Un savant attaché au Prince, qui s'est le premier signalé pour la défense des Beaux-Arts, m'écrivit le 18 Mai sur le même sujet, des choses plus fortes encore. Je suis obligé d'en supprimer la plus grande partie , par cette seule raison qu'elle m'est trop honorable...."Vous n'abandonnez point, me dit-il, cet ennemi du savoir ( M. Rousseau ) , & vous le pressez si vivement, qu'il perd à tout moment de son terrain, sans rien gagner sur le votre; nous avons tous intérêt d'applaudir à votre triomphe; votre gloire augmente nôtre. Tous les littérateurs vous doivent des couronnes comme on en donnoit autrefois aux libérateurs des nations. Je ne crains plus qu'après une telle réplique , on ose désormais attaquer les Science les Arts. Vous les avez vengés des reproches [185] d'un ingrat qui, après s'être heureusement façonné par leur culture, a voulu les faire tomber dans le plus grand mépris , &c." Je supplie mes lecteurs de croire que c'est avec la plus grande répugnance que je me détermine à publier de pareilles citations ; mais je ne saurois opposer aux traits satiriques de mes ennemis, que les sentimens contraires des savans qui m'honorent de leur suffrage.

 

Enfin , je renonce au plaisir de penser que Messieurs de Dijon ne m'honorent de la préférence dans la sortie qu'ils viennent de faire, que parce que j'ai fait à leurs remparts la plus large brêche ; je veux bien, m'en tenir aux motifs apparens qu'ils citent eux-mêmes de l'indignation qu'ils me témoignent, & je leur demande la permission de leur prouver que je ne la mérite point. Si l'on donne les noms de fermeté, de courage , à la défense obstinée de l'ennemi des Lettres & du savoir, j'espere qu'on ne qualifiera point, par des épithetes plus odieuses, le zele qui n porte à défendre & les Belles-Lettres, & l'ouvrage que j'ai fait en leur faveur.

 

Je me suis déguisé sous le nom d'un Académicien de Dijon , dénomination qui ne m'est point due, dit cet Académicien j'avoue que je n'ai pas l'honneur d'être Académicien de Dijon ; j'ajoute que je n'ai même jamais pensé à solliciter cette place; mais M. Pascal n'a pas été plus tenté d'être jésuite; M. l'Abbé Saas d'être bénédiction; M. Quesnay d'être chirurgien de Rouen.
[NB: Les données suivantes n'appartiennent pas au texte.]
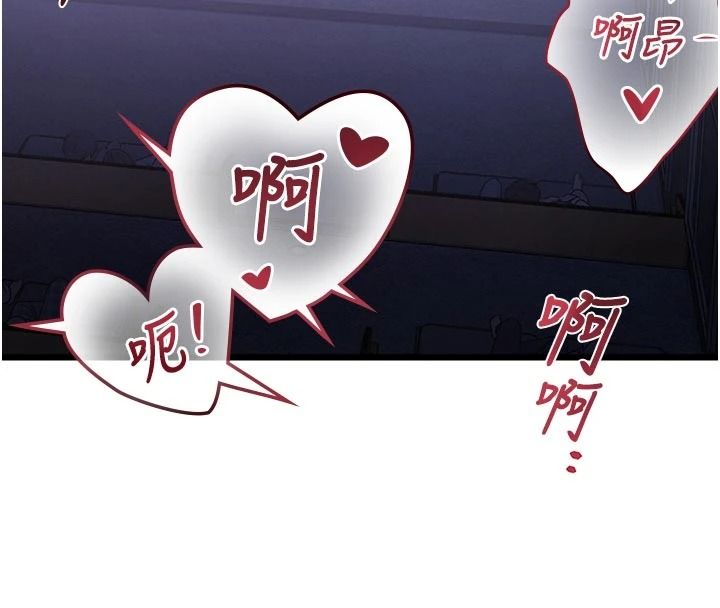 特色新视界第55話-成人限定的電影院約會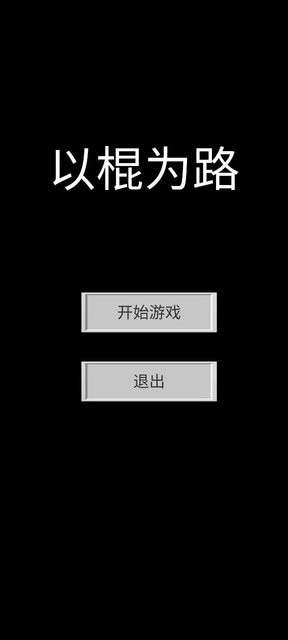 以棍为路游戏v1.0.0 安卓版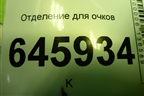 Отделение для очков (96405112) для Chevrolet Aveo (T250) с 2005-2011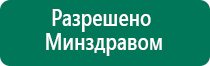 Аппараты скэнар терапии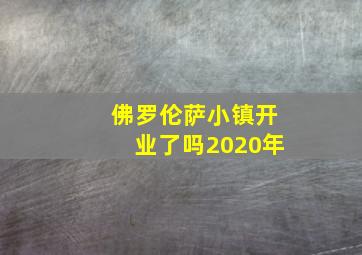 佛罗伦萨小镇开业了吗2020年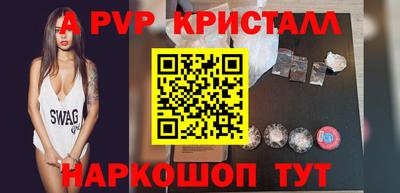 PSILOCYBIN Краснодар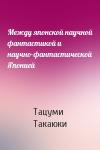 Тацуми Такаюки - Между японской научной фантастикой и научно-фантастической Японией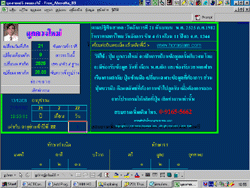 อโหรัตตะ (โปรแกรมผูกดวงระบบเลข ๘ ตัว ๙ ฐาน)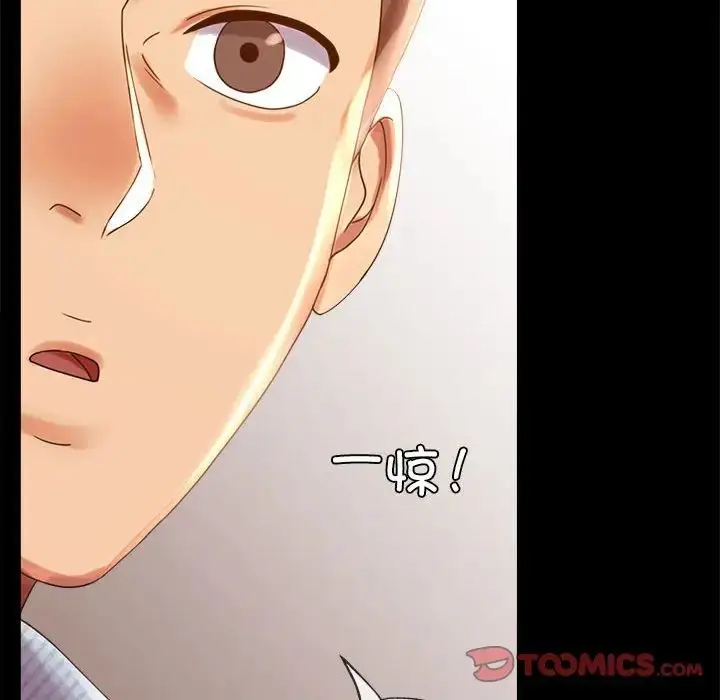 漫画《背叛的开始》第18话第75张图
Cette circonstance n'a point empêché ces illustres & respectables Auteurs de se déguiser sous ces dénominations qui ne leur sont point dues.*[*M. Pascal dans les Lettres Provinciales fait parler un Jésuite. M. Saas feint ingénieusement une défense des titres & des droits de l'Abbaye de St. Ouen, &c. contre le Mémoire de M. Térisse, pour réfuter & tourner en ridicule ces titres & ces droits. M. Quesnay a fait un livré contre les Médecins, sous le nom d'un Chirurgien de Rouen.]

 

[186] L'Académie de Dijon soutient que ce déguisement est une fausseté indigné d'un homme qui fait profession des Lettres, & que rien n'obligeoit à se masquer.

 

On ne doit plus être étonné de voir cette Académie avancer des propositions hasardées ; mais il me semble qu'on doit l'être un peu qu'un Corps respectable s'exprime d'une façon aussi peu mesurée.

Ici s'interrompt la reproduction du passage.